**REQUIREMENT**. Your task is to retype the lines from the opening of the material through the line that includes "Phẫu thuật treo". Do not copy the pictures.

**EXCERPTED RECORDS**.

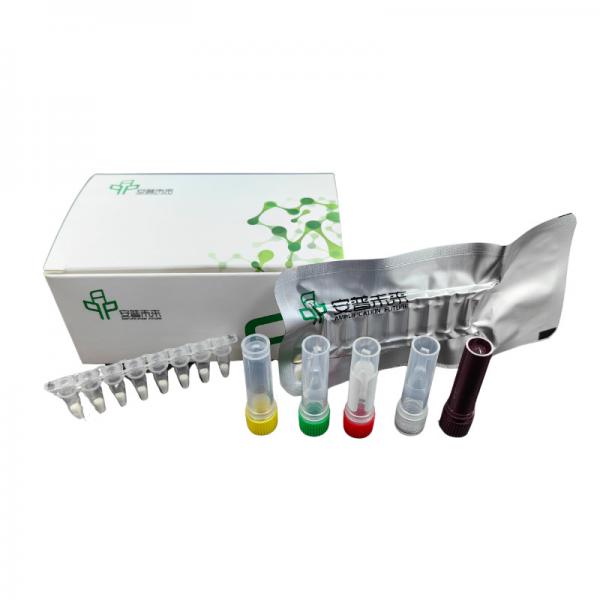Quality Efficient Enzymes SARS-CoV-2 Detection Kit Below 20 Degree For Reliable Results for sale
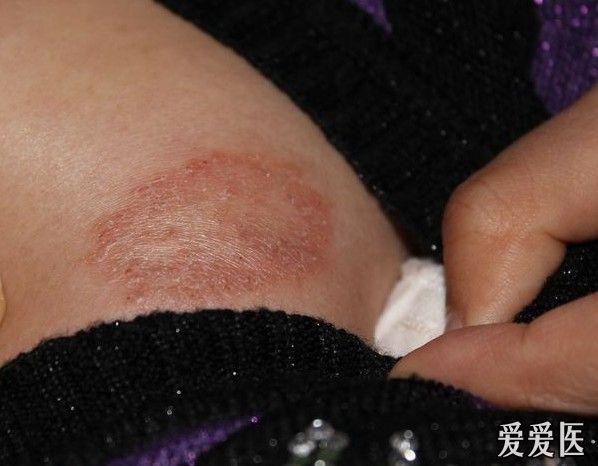 影像科医生求助 自己身上长的东西 大家看看是什么?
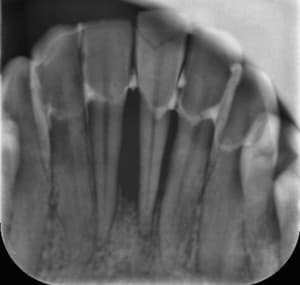 D644118a d046 4d49 a644 0c985bbe933a otyspi - Eugenol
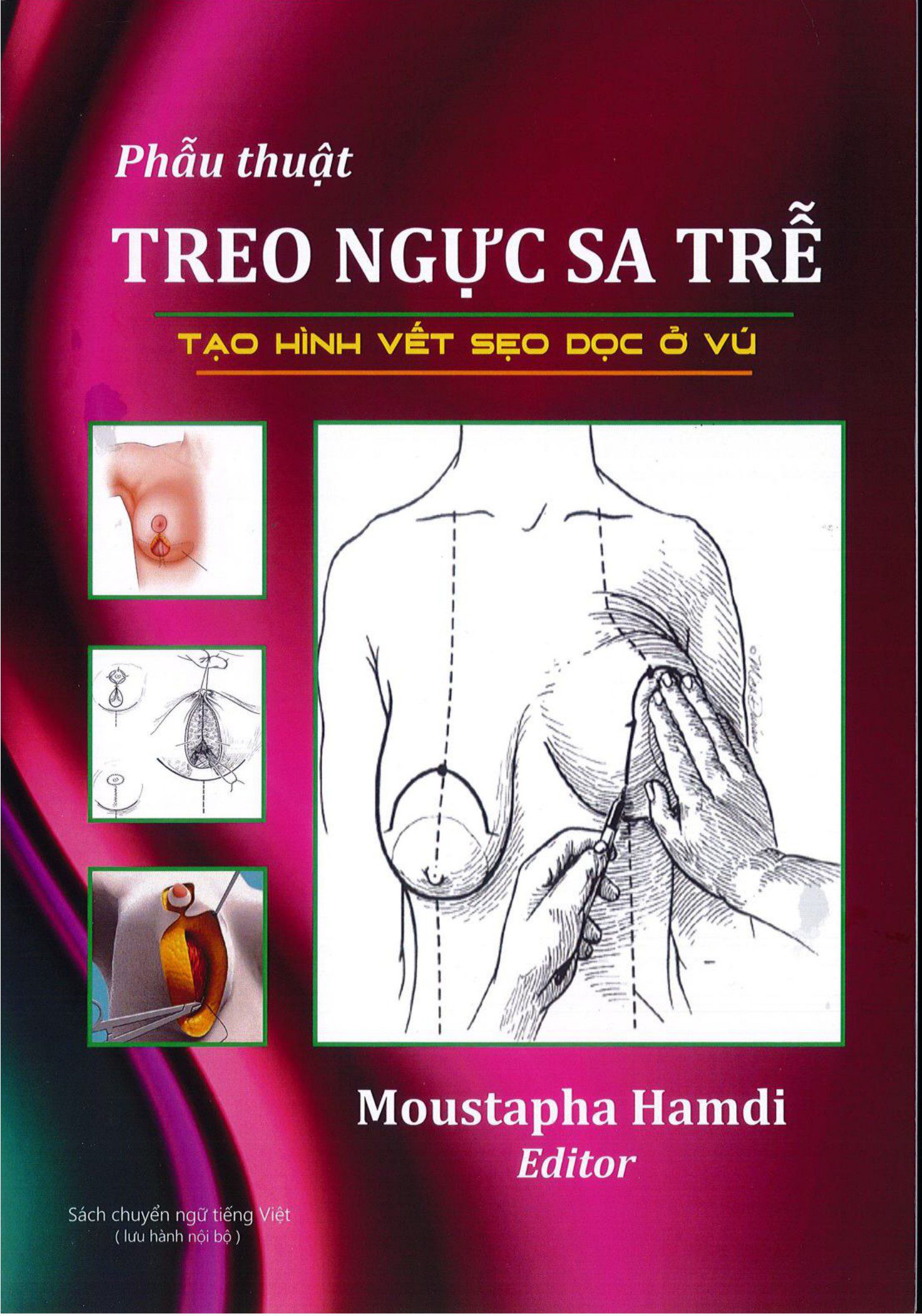 Phẫu thuật treo ngực sa trễ tái tạo vết sẹo dọc Moustapha Hamdi
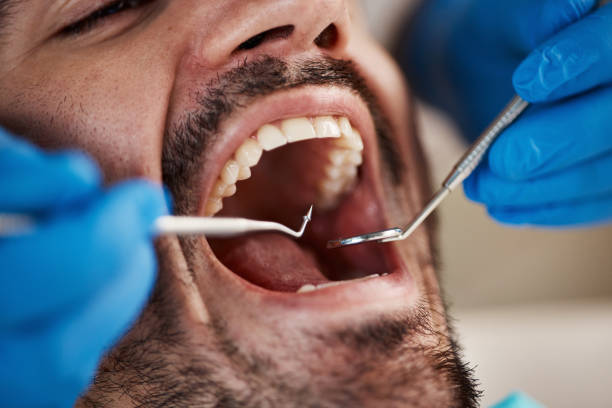 Best Emergency Wisdom Teeth Removal in Maury, NC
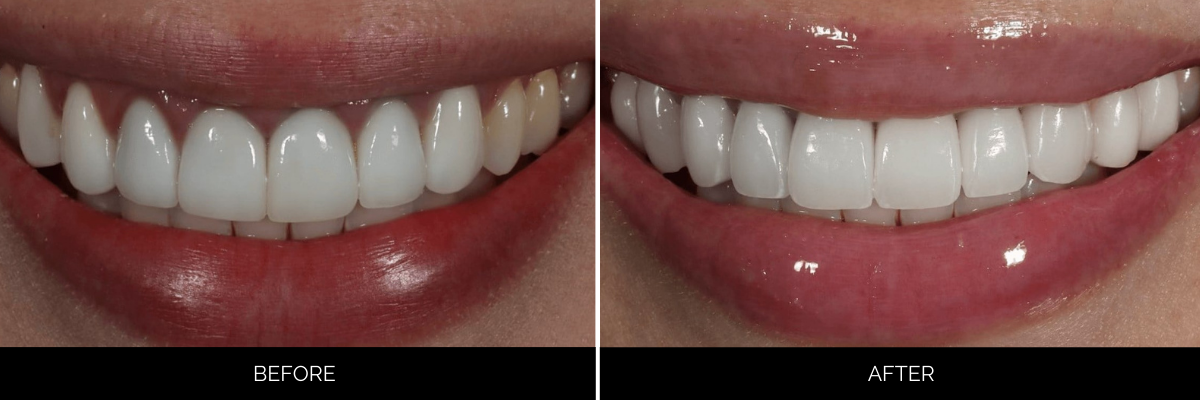 Before and after cosmetic dental treatment showing improved tooth shape and whiteness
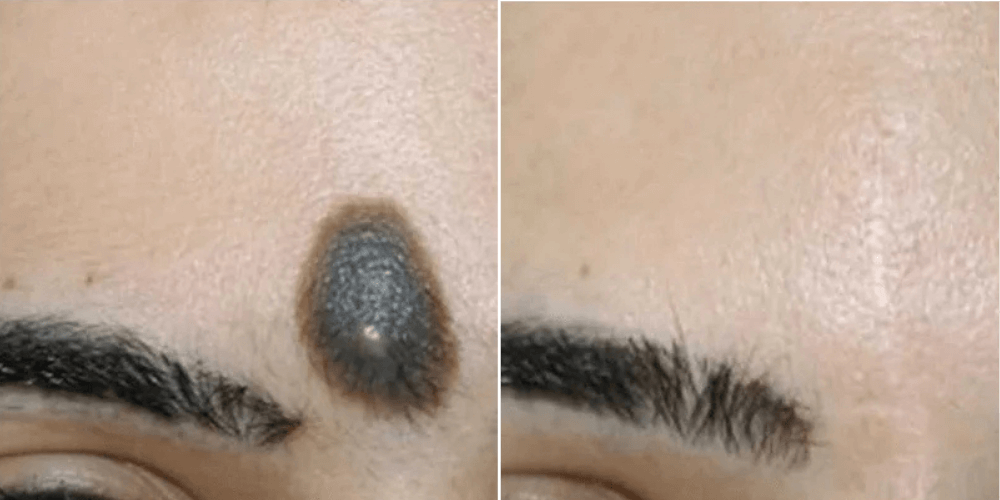 Birthmark Removal Treatment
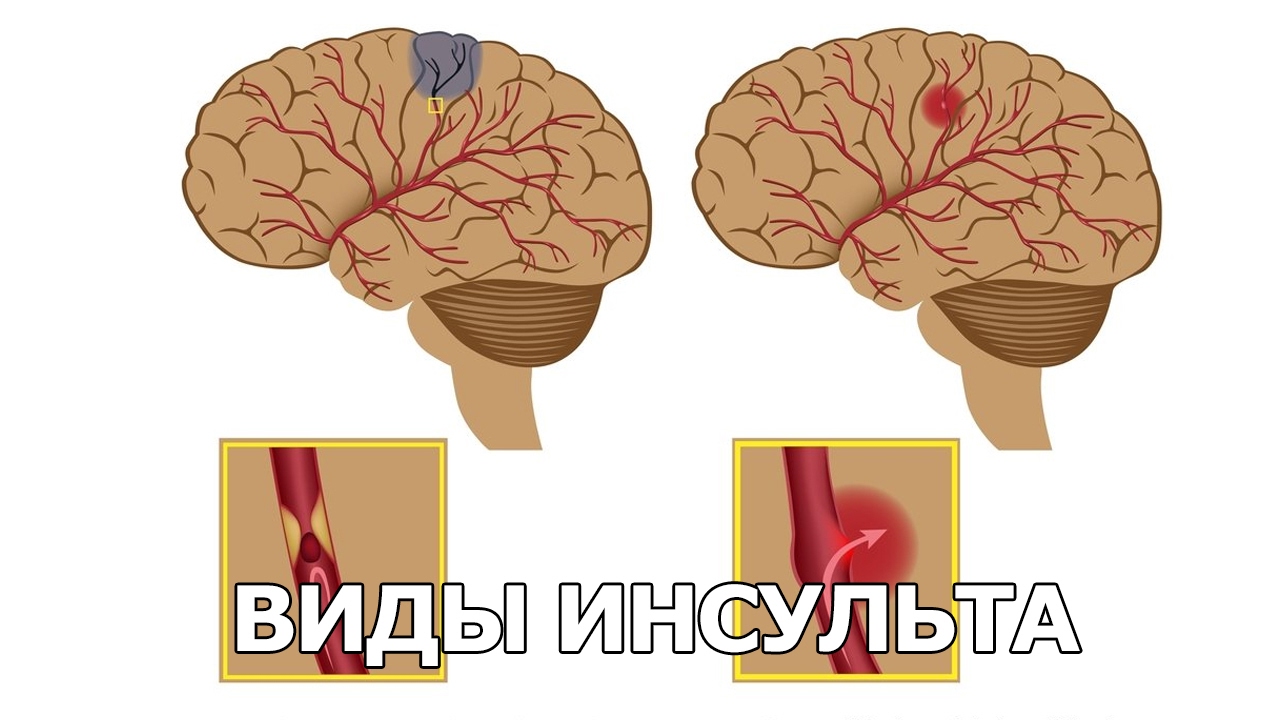 Виды инсульта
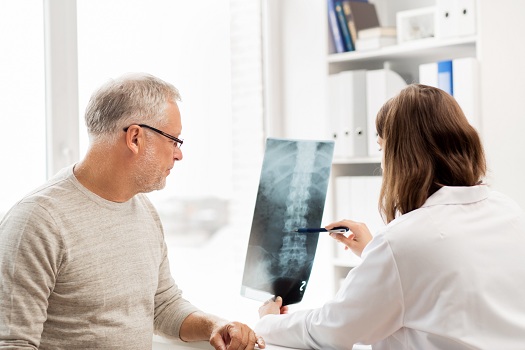 How to Prepare for Spine Surgery that Has Been Delayed by COVID-19 in Los Angeles, CA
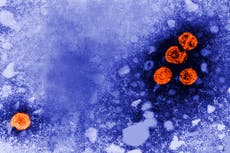 Un fármaco experimental contra la hepatitis B podría ofrecer "cura funcional" a algunos pacientes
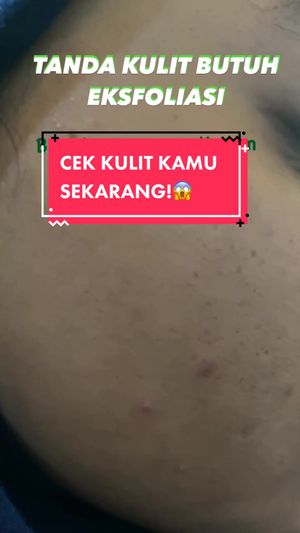 Video post by @lili.refliskin on TikTok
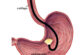 Abordagens em cavidade abdominal: celiotomia e endoscopia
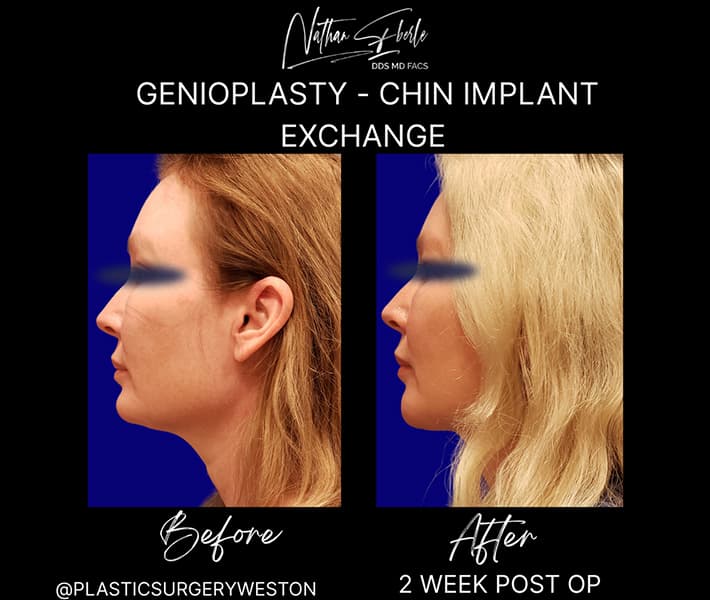 Genioplasty before and after result 1, actual patient at Weston Center for Plastic Surgery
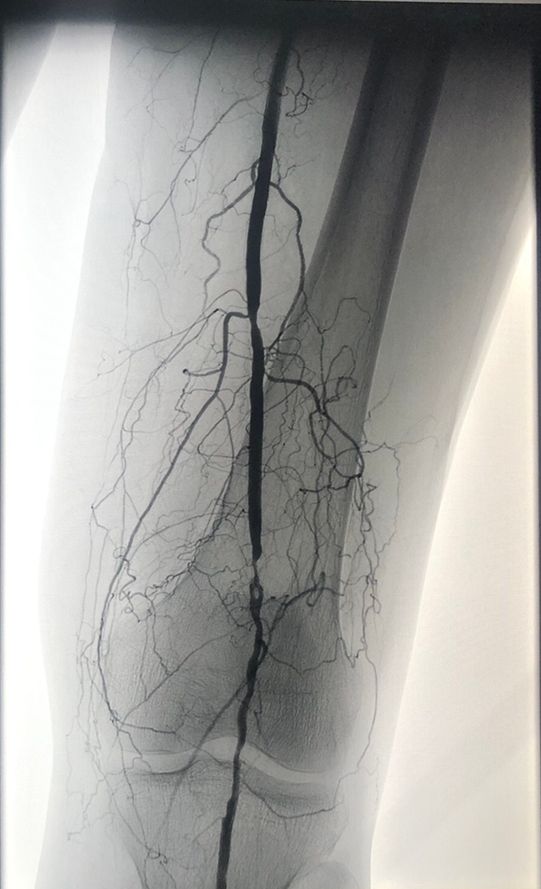 Miguel Abraham Lara Perez-7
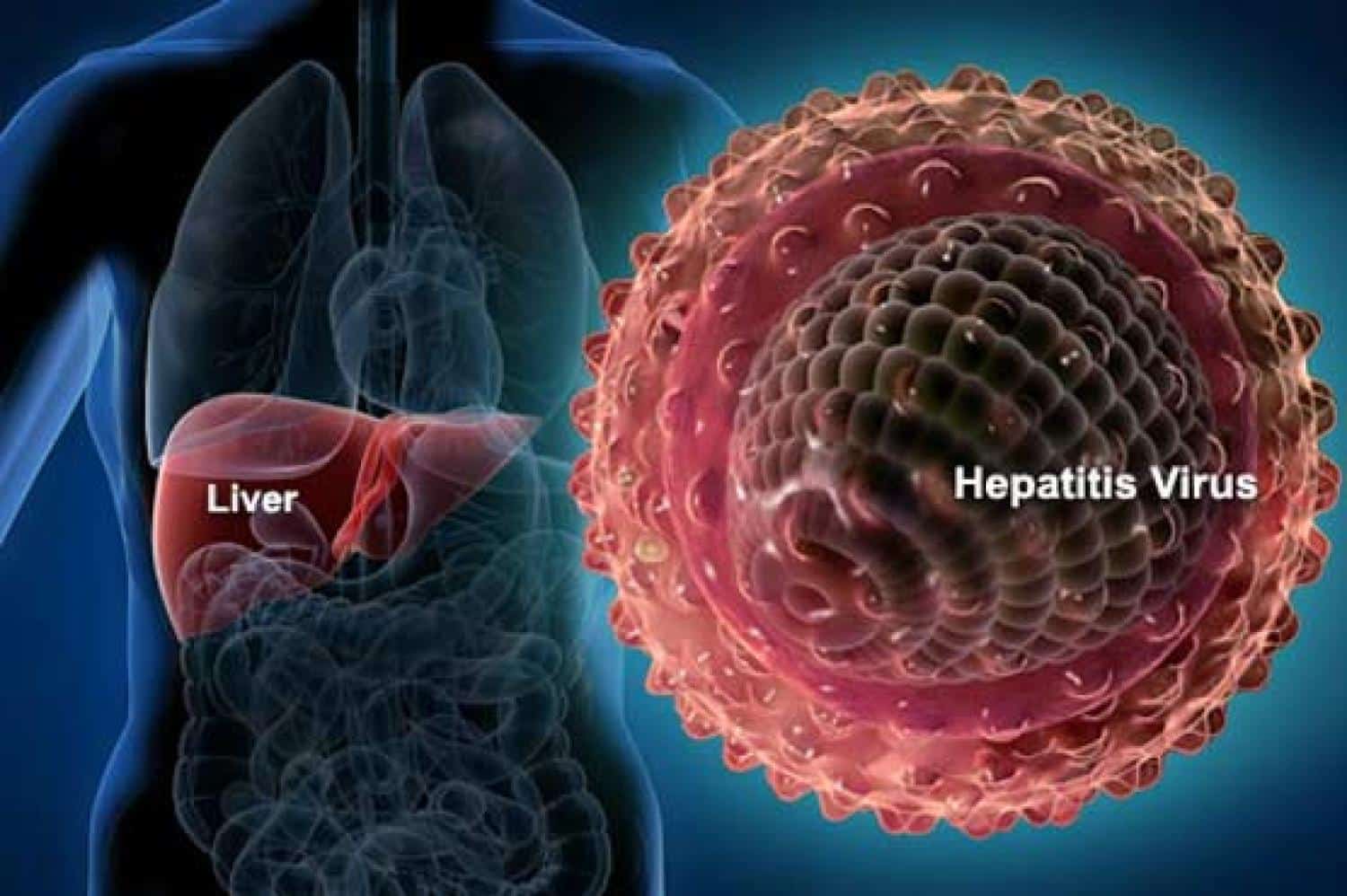 Jenis-Jenis Virus Hepatitis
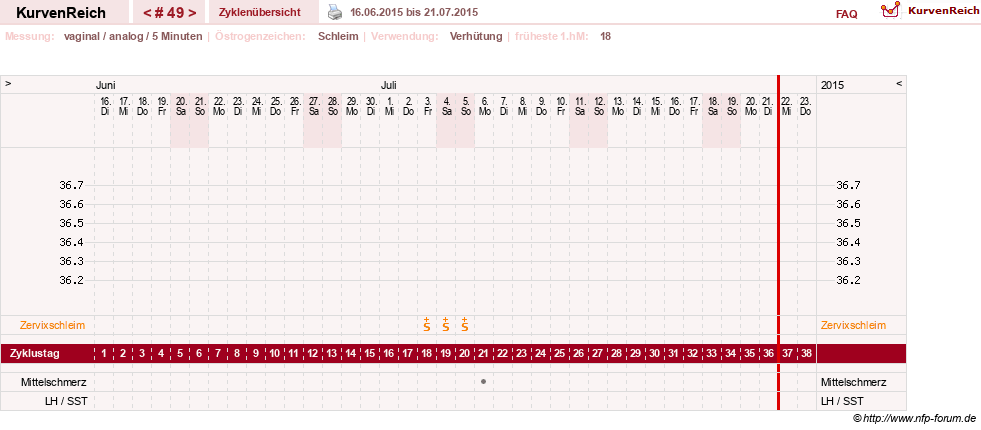 NFP-Kurve User #10274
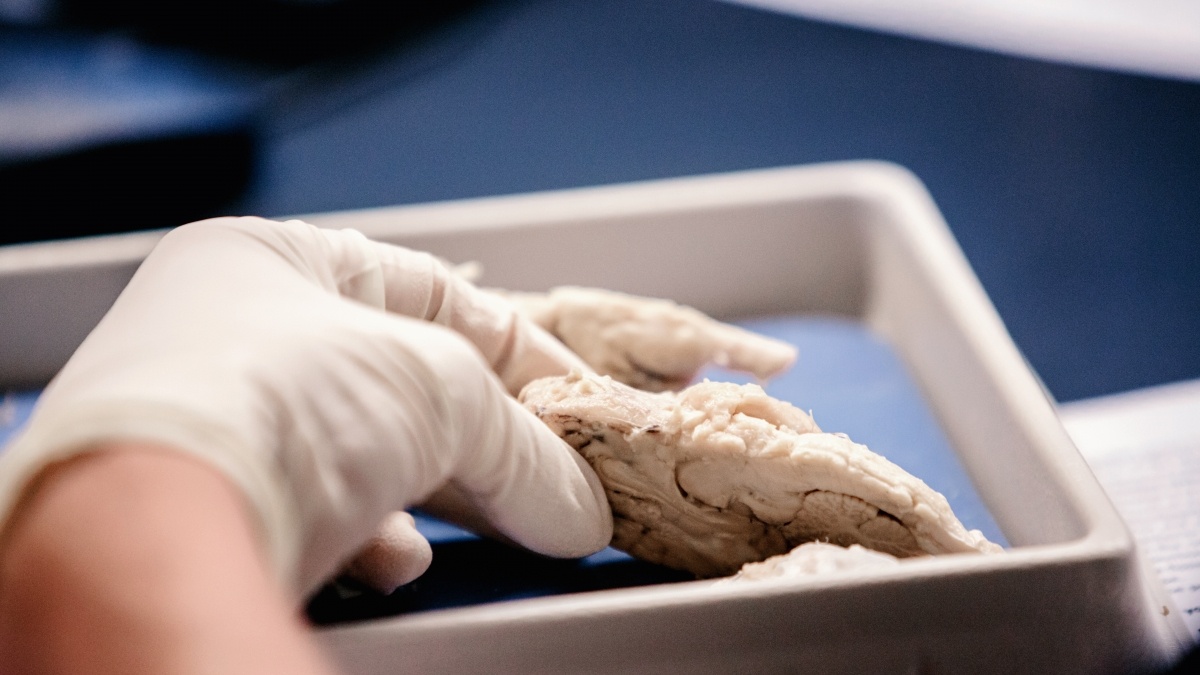A hand holds a specimen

**EXERCISE ANSWER**.
Quality Efficient Enzymes SARS-CoV-2 Detection Kit Below 20 Degree For Reliable Results for sale
 影像科医生求助 自己身上长的东西 大家看看是什么?
 D644118a d046 4d49 a644 0c985bbe933a otyspi - Eugenol
 Phẫu thuật treo ngực sa trễ tái tạo vết sẹo dọc Moustapha Hamdi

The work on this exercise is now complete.